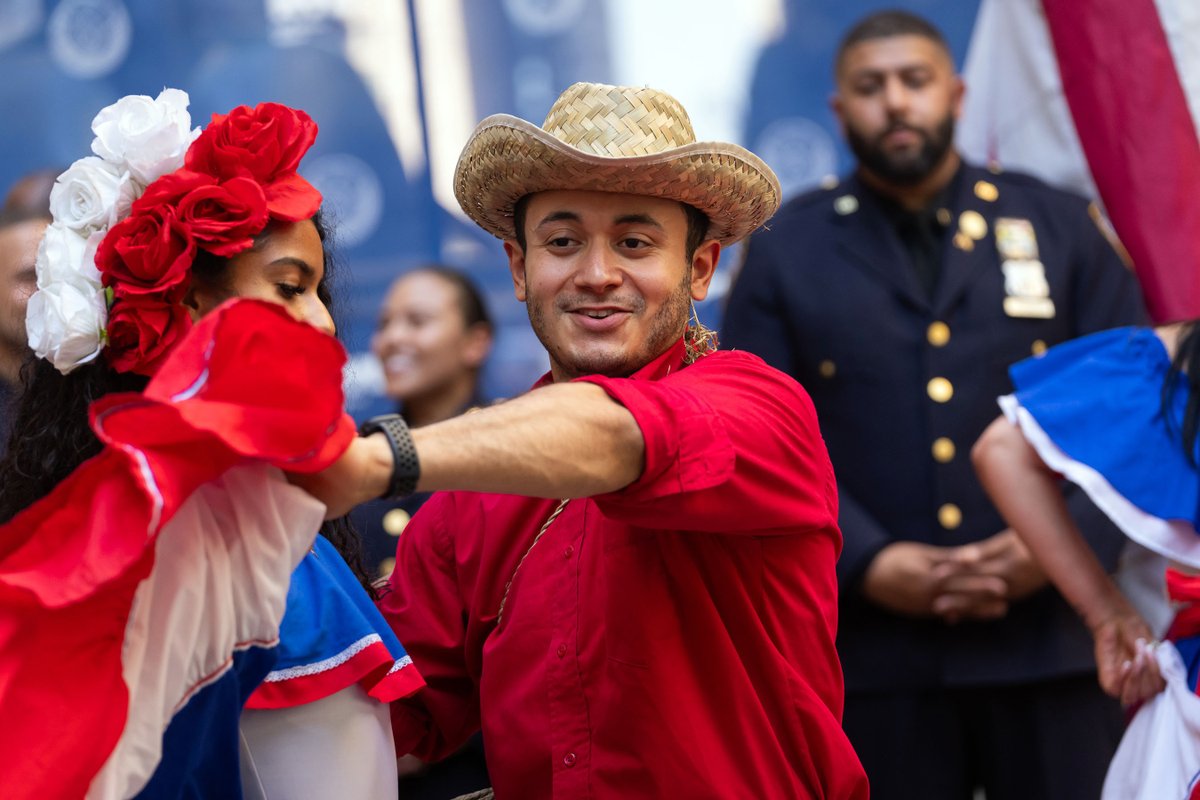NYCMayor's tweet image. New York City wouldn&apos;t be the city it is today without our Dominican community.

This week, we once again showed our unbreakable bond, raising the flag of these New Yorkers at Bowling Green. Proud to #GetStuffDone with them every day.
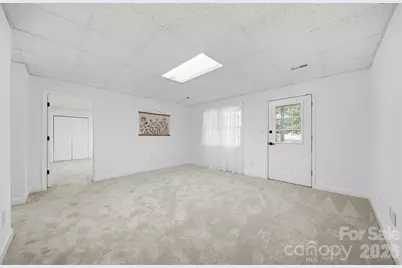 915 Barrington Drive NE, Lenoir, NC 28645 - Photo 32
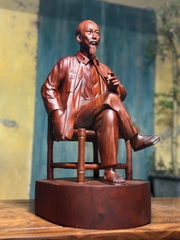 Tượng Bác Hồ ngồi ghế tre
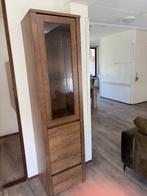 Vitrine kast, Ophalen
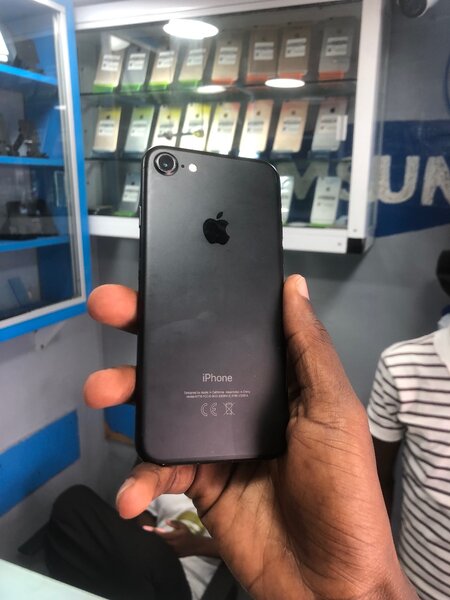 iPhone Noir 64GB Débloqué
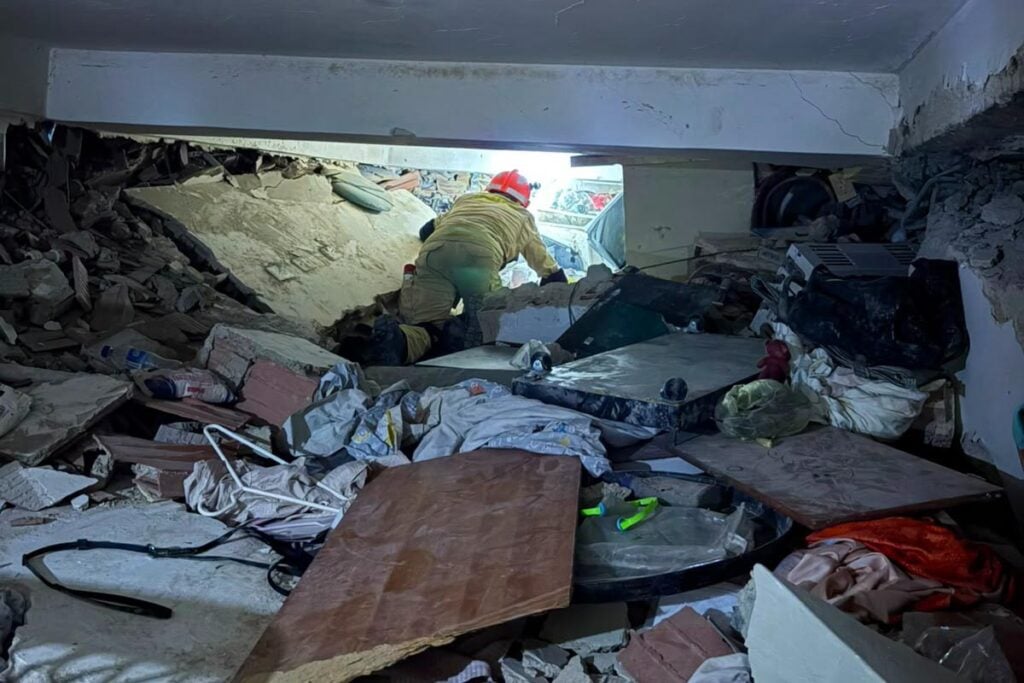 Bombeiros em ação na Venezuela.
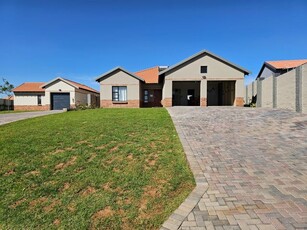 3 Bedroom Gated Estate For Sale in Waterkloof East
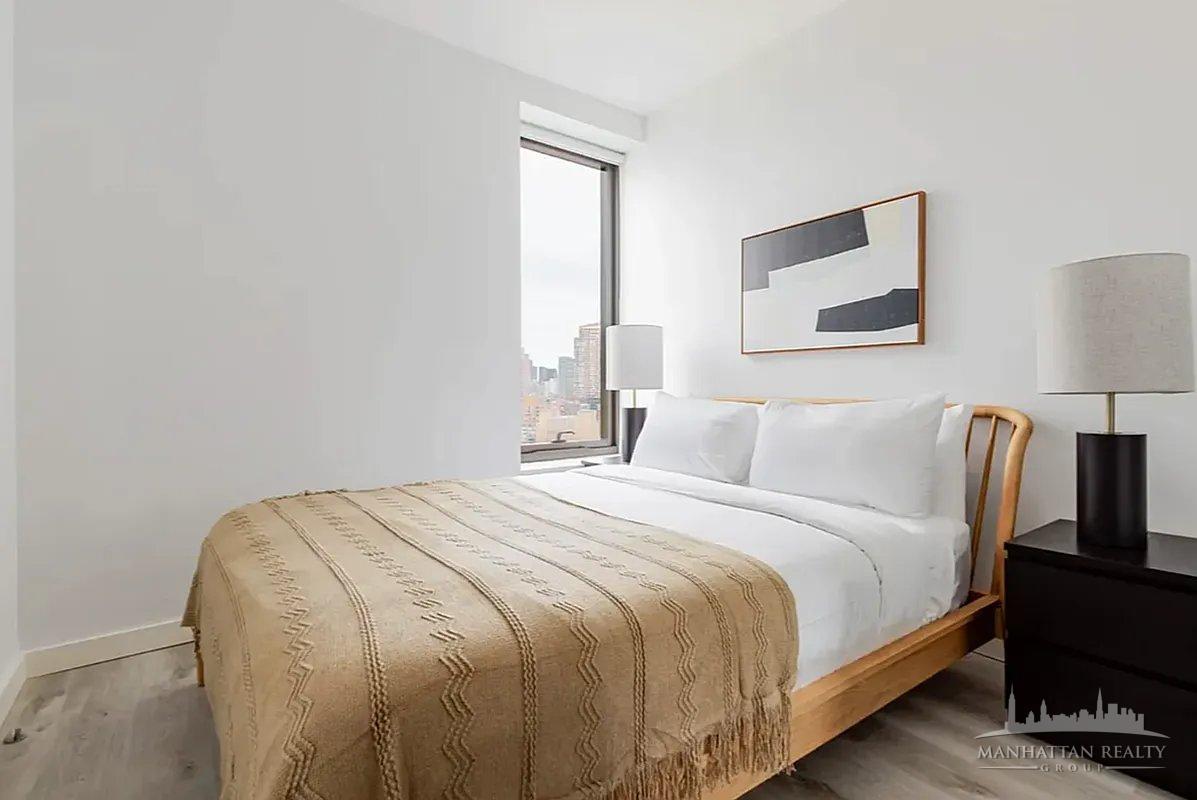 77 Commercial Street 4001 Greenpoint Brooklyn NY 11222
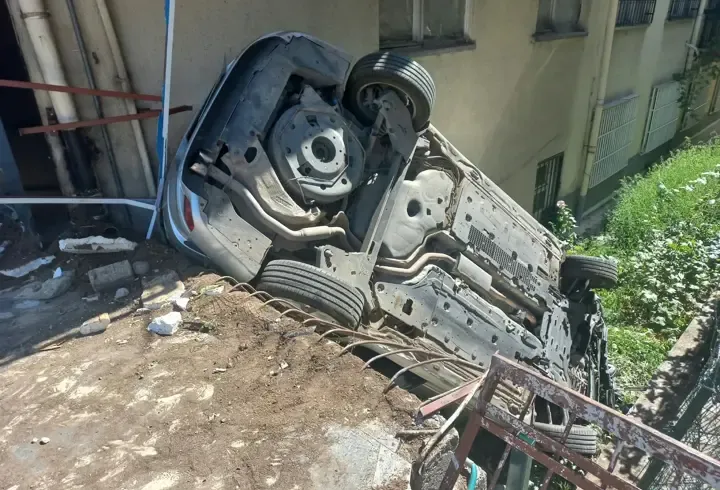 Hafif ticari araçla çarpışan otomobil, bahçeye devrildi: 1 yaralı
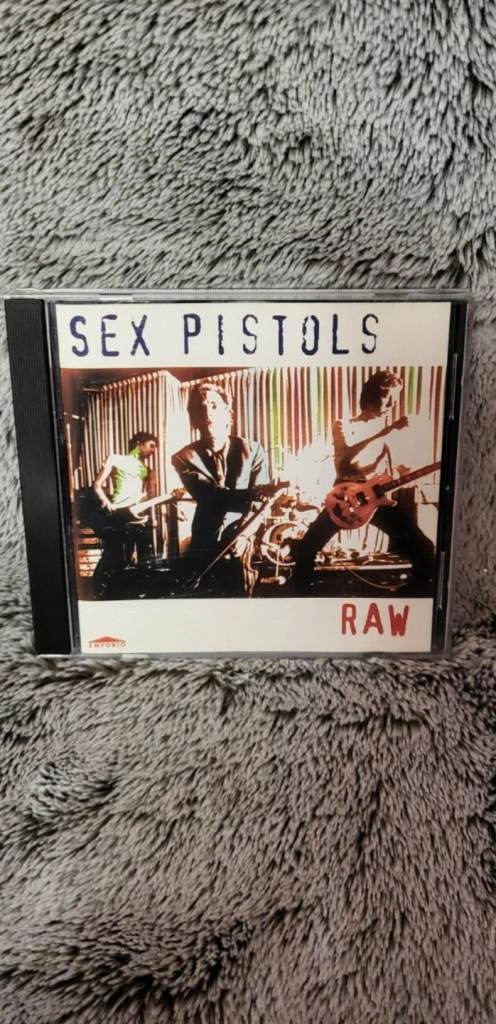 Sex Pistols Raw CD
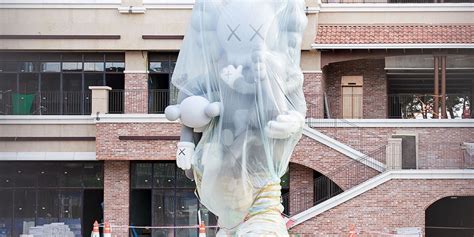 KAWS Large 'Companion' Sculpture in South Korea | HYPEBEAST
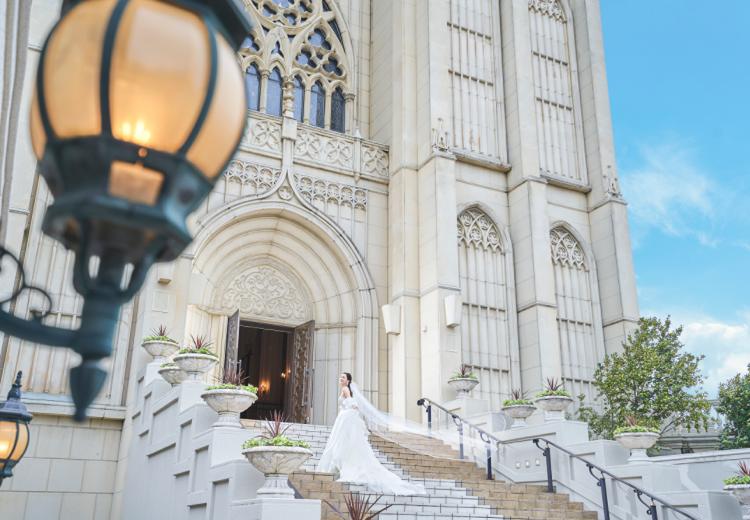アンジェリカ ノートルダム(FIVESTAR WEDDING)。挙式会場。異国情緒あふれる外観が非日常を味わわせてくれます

# [What you need to do]
Give back the whole listing exactly; no pictures.

# [Task answer]
NYCMayor's tweet image. New York City wouldn&apos;t be the city it is today without our Dominican community.

This week, we once again showed our unbreakable bond, raising the flag of these New Yorkers at Bowling Green. Proud to #GetStuffDone with them every day.
 915 Barrington Drive NE, Lenoir, NC 28645 - Photo 32
 Tượng Bác Hồ ngồi ghế tre
 Vitrine kast, Ophalen
 iPhone Noir 64GB Débloqué
 Bombeiros em ação na Venezuela.
 3 Bedroom Gated Estate For Sale in Waterkloof East
 77 Commercial Street 4001 Greenpoint Brooklyn NY 11222
 Hafif ticari araçla çarpışan otomobil, bahçeye devrildi: 1 yaralı
 Sex Pistols Raw CD
 KAWS Large 'Companion' Sculpture in South Korea | HYPEBEAST
アンジェリカ ノートルダム(FIVESTAR WEDDING)。挙式会場。異国情緒あふれる外観が非日常を味わわせてくれます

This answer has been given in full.